La inauguración oficial se celebró el 23 de febrero de 1852 en medio de un ambiente festivo. La jornada incluyó desfile militar, bendición arzobispal, procesiones desde la parroquia de Santa Ana y concursos populares a ambas orillas del río. Triana vivió la apertura como un acto simbólico: por primera vez disponía de un acceso fijo que la integraba plenamente en la vida urbana sin depender de mareas, reparaciones improvisadas o cierres repentinos. No obstante, el uso cotidiano del puente no se autorizó hasta el 30 de junio, cuando se aprobaron las ordenanzas que regulaban el tránsito de peatones, carruajes y animales.
El coste total de la obra se amortizó mediante dos portazgos temporales situados en El Tardón y Patrocinio, establecidos durante una década. El viejo puente de barcas fue subastado poco después, poniendo fin a una etapa histórica y marcando el comienzo de otra.
A lo largo del tiempo, el puente de Triana no ha sido inmutable: ha sufrido intervenciones necesarias para adaptarlo al aumento de tráfico. A finales del XIX se instalaron raíles para tranvías, mientras que en 1918 se amplió el voladizo. Quiso ser derribado en 1974, pero se acometió una intervención sustancial que convirtió el tablero en autoportante para preservar la estructura original de arcos como elemento decorativo —es decir, la carcasa metálica visible ya no soporta toda la estructura—, trabajo que buscó aunar seguridad y conservación patrimonial.

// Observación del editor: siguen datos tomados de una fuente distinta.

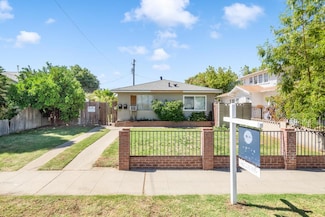 3132 E Madison Ave, Fresno, CA 93702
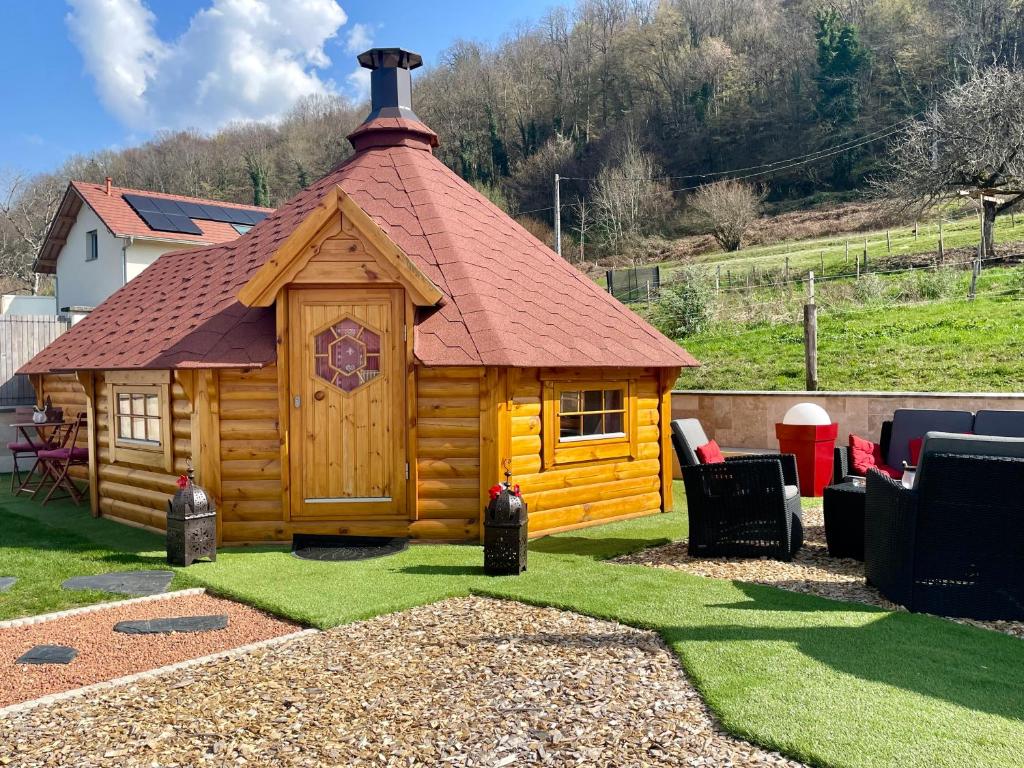 Kota COSY avec jaccuzzi inclus et sauna en option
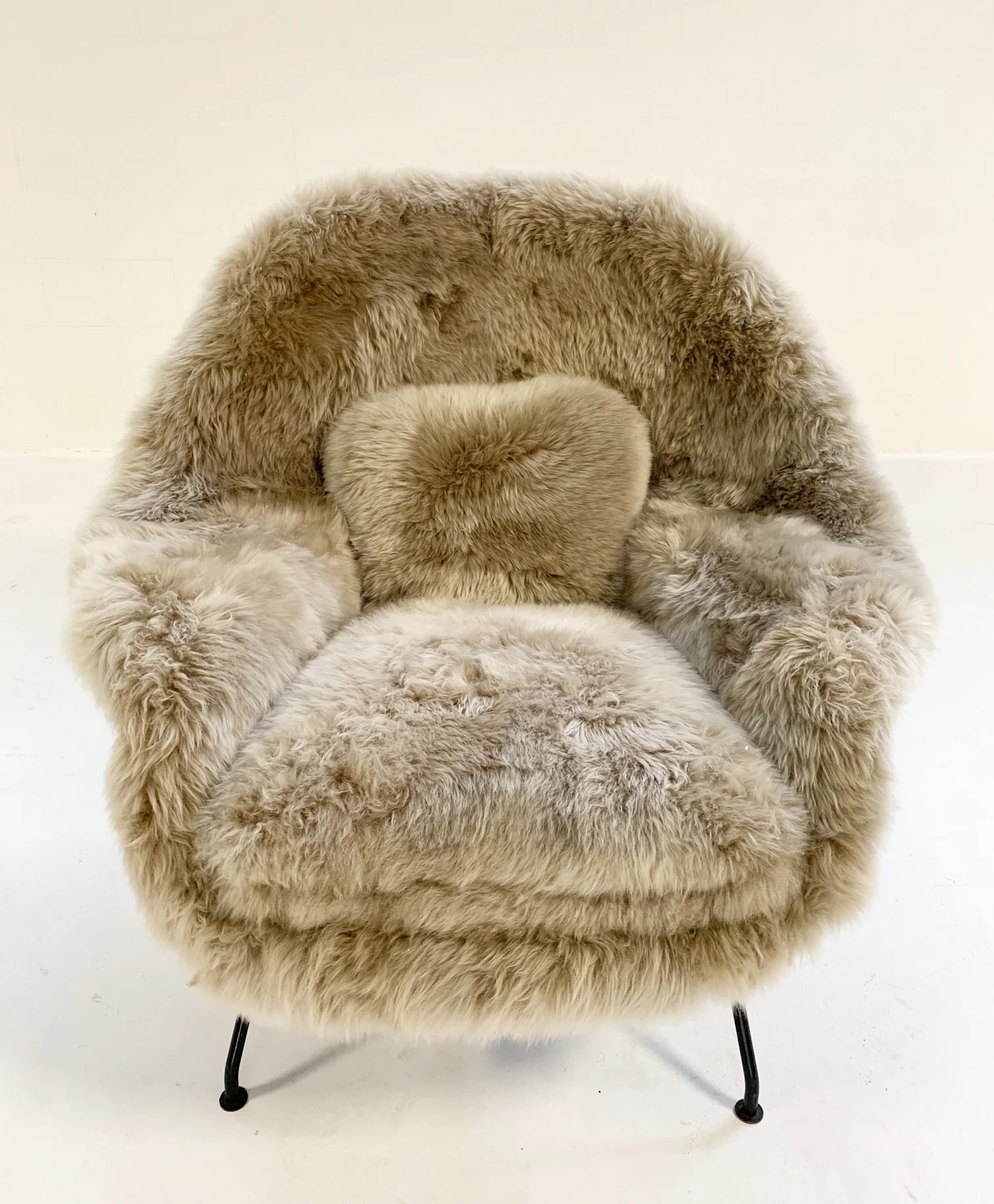 Bespoke Womb Chair and Ottoman in New Zealand Sheepskin - Image 8
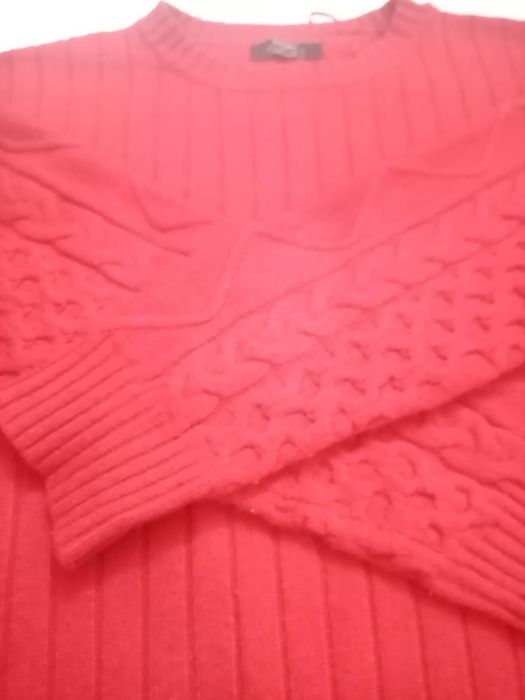Sweterek damski oversize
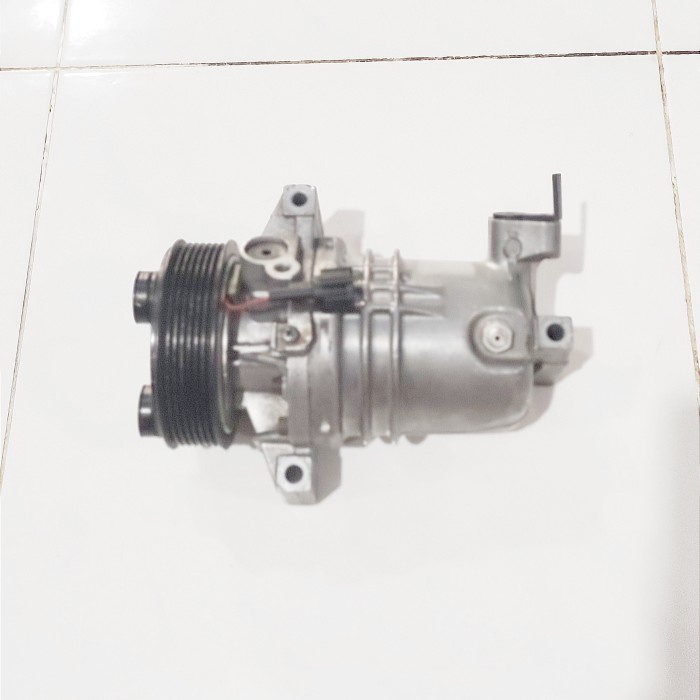 {Bekas} Kompresor grand livina calsonic Limited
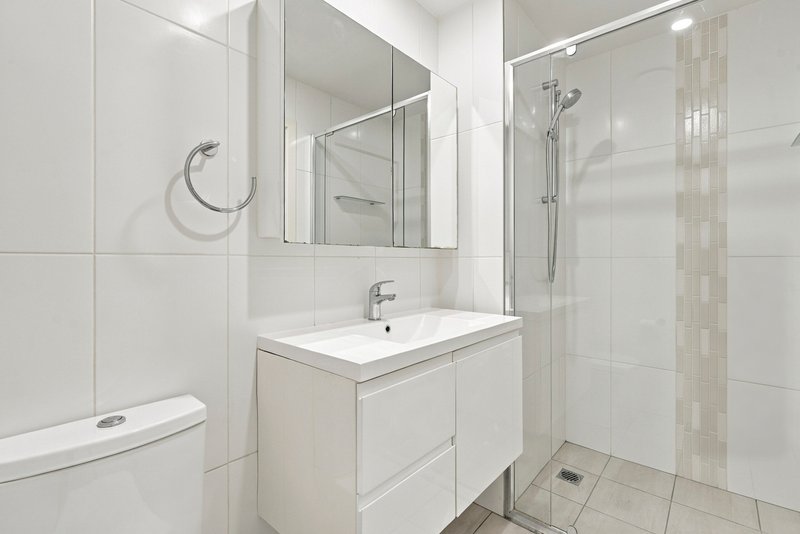 Photo - 15/111 Canberra Avenue, Griffith ACT 2603 - Image 10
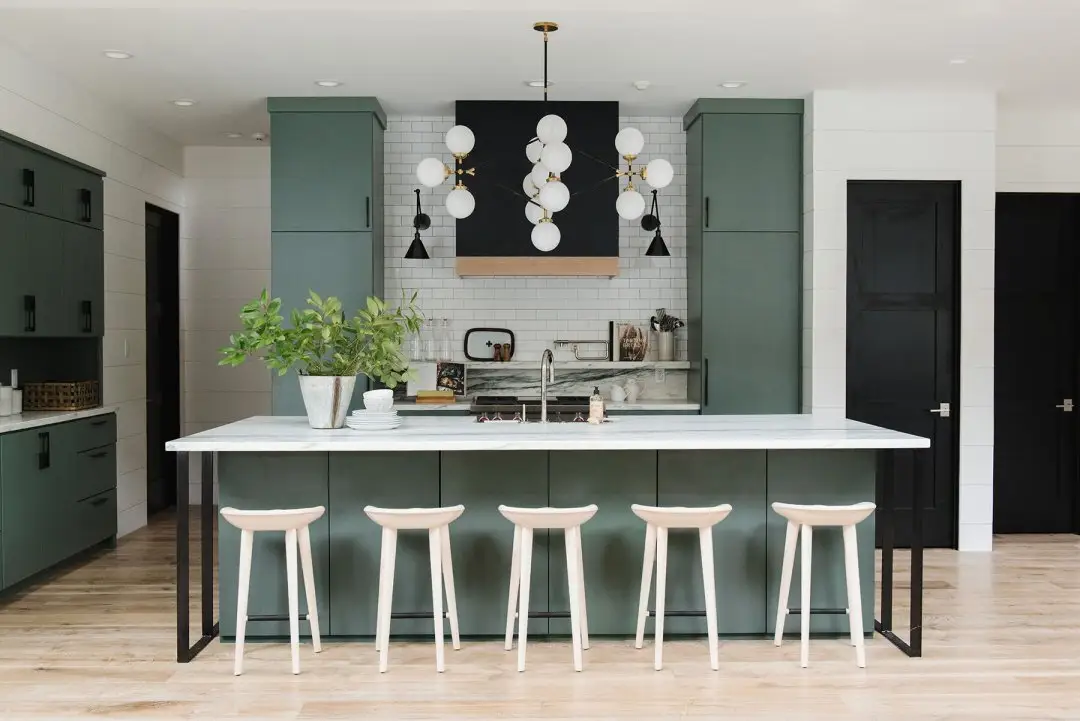 Elevate Your Kitchen With Stunning Matte Lacquer Cabinet Finishes 1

El de Triana es un puente funcional y estético; una pieza fundamental de ingeniería que no solo conectó dos orillas, sino que unió tradiciones, economías y formas de vida. Hoy continúa siendo un símbolo de Sevilla y una de las obras más destacadas de la ingeniería civil española del siglo XIX. Es el segundo puente en la historia de la ciudad, siendo actualmente el más longevo, y el segundo de hierro más antiguo conservado en España. A 180 años de la colocación de su piedra fundacional, nuestro puente representa la suma de ingeniería, adaptación y memoria colectiva: un monumento vivo que, a la vez que conecta riberas, enlaza épocas.